When I treat us to things or buy him something I am sincerely happy and cant wait to see his reaction but after that goes away I'm like damn.... when can I get treated?

I asked a girlfriend what she thought and she said "that's what a strong black woman does -- holds it down until the man can" WTH????? I am not the one then!

I just bought a house in January - due to the econony his job was cut from full time to part time and we just had an agrument about how he needs to bring some groceries, some juice, washing powders ANYTHING when he visits.........

Then I feel bad and selfish ---- how can I expect him to contribute to my household when he is toughing it out - he his own rent/bills to pay...... I have really been tripp'in --- I was actually monitoring how much of MY juice he drinks and food he eats.

I am so angry right now ---- Everything I have done for this man --- I almost feel like I have to stick it out!
 
I bring it up a lot more than I probably should --- but its on my mind ALL the time. I had to stop and question my actions. If I have such a problem footing the bill then why do I continue to do so? The answer is becuase I dont feel I should go without because he cant afford it AND I love him and dont want to share it anyone else.

When I treat us to things or buy him something I am sincerely happy and cant wait to see his reaction but after that goes away I'm like damn.... when can I get treated?

I asked a girlfriend what she thought and she said "that's what a strong black woman does -- holds it down until the man can" WTH????? I am not the one then!

I just bought a house in January - due to the econony his job was cut from full time to part time and we just had an agrument about how he needs to bring some groceries, some juice, washing powders ANYTHING when he visits.........

Then I feel bad and selfish ---- how can I expect him to contribute to my household when he is toughing it out - he his own rent/bills to pay...... I have really been tripp'in --- I was actually monitoring how much of MY juice he drinks and food he eats.

I am so angry right now ---- Everything I have done for this man --- I almost feel like I have to stick it out!

The more you type the more I say, if I were you'd I'd deepy re-evaluate what's going on.

It reallllly doesn't seem like your heart is in the same/right place with this one.

I don't understand the bolded...why would you HAVE to stick it out?

I see this ending kinda badly.
 
Okay -- let me clarify that statement, LOL.

After 5 yrs. we both have invested a lot into other, taught/learned a lot, have grown a lot and are currently working to better prepare ourselves for a bright and fullfiliing marriage as Mr. & Mrs. Charlotte. And I will not allow another women have my "ready-made" man after all these years. We have supprted each other thru many many things and I NEED to see some progress in the financial area ---- I'm hoping that he just hasn't done the "x-tras" for me because he simply cant afford it not becuase he chooses not to............

I dont want this post to turn into, " Girl - you need to leave him" type thing.. I guess I need to question my expectations.

When we give we dont do it to "receive" but it would be nice to have the treatment return every so often.
 
Kind of a tangent, but kinda not...

I never understood this whole, "I've invested so much time in this man so I don't want to leave," idea.

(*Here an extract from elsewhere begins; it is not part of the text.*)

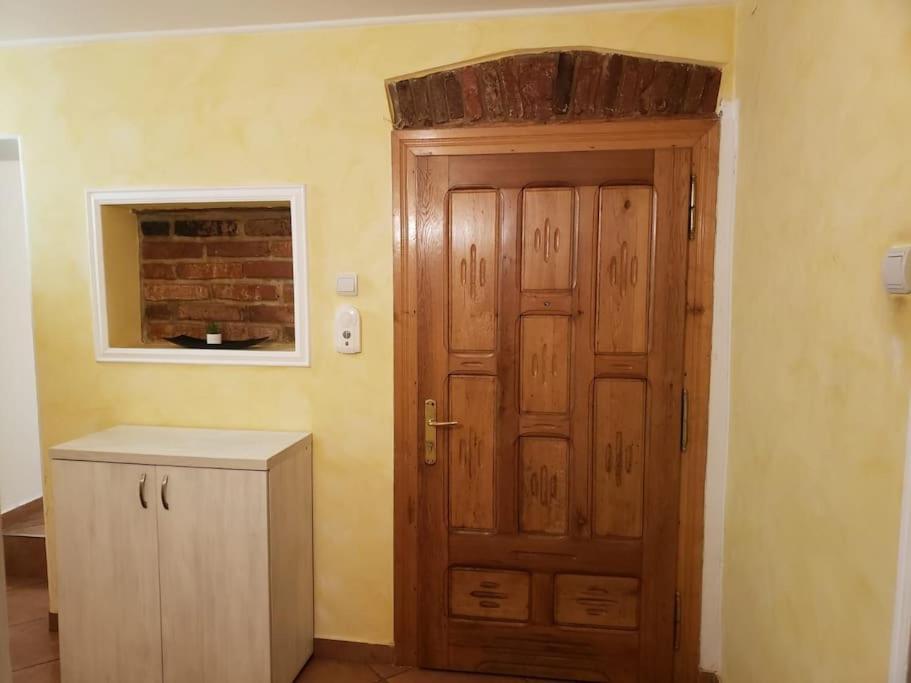 Studio Sforii In Brasov Ris Accommodation Braşov Exterior foto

If you were investing in the stock market and kept losing money on one stock, you wouldn't say, "Oh, I've invested so much, I can't take my money out now! I'm just gonna hang on for a few more years and hope that it improves!"

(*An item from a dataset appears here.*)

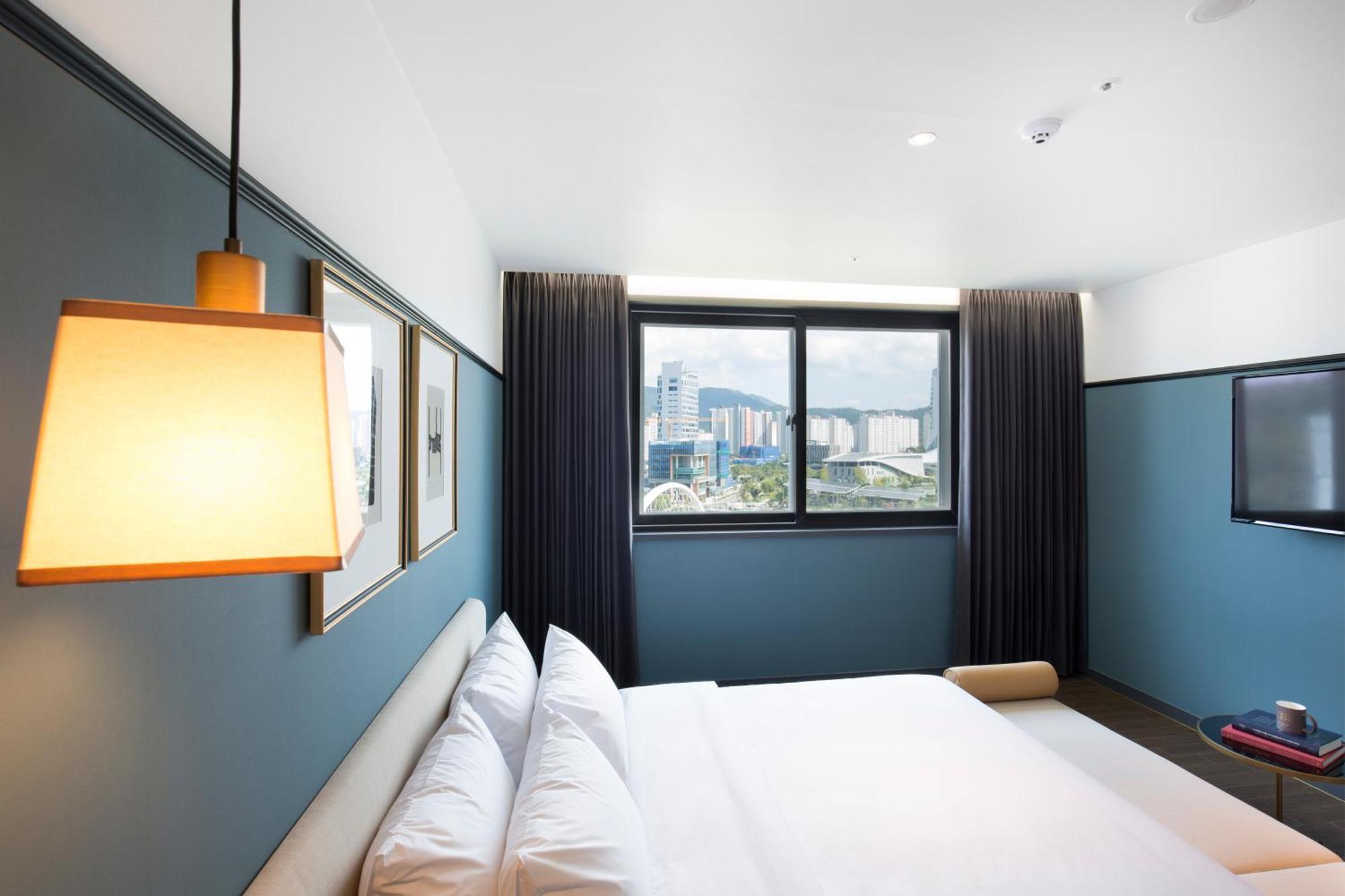 Brown Dot Hotel Джинджу Екстериор снимка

You'd be a dang on fool and then not only would you lose any money you gained, you would have lost your initial investment too hanging onto a bad stock. A good investor would have been got out a LOOOOONG time ago.

Just sayin... and as for being a "strong black woman," you might want to check out the ENT forum and read the thread about black socialites, trophy wives and princesses. Their men are HOLDING IT DOWN, like a man is supposed to do!
 
Okay -- let me clarify that statement, LOL.

After 5 yrs. we both have invested a lot into other, taught/learned a lot, have grown a lot and are currently working to better prepare ourselves for a bright and fullfiliing marriage as Mr. & Mrs. Charlotte. And I will not allow another women have my "ready-made" man after all these years. We have supprted each other thru many many things and I NEED to see some progress in the financial area ---- I'm hoping that he just hasn't done the "x-tras" for me because he simply cant afford it not becuase he chooses not to............

I dont want this post to turn into, " Girl - you need to leave him" type thing.. I guess I need to question my expectations.

When we give we dont do it to "receive" but it would be nice to have the treatment return every so often.


Okay, I didn't see this before I posted.

I guess I have a few questions... five years is a long time to be together with no marriage (unless some of those five years were in college) and marriage is not coming any time soon, from what I can tell in your post.

I guess I'm wondering how much is too much. While I can't say that you should just leave, my question is, what benefit are you getting from staying? What is he doing to move this relationship forward?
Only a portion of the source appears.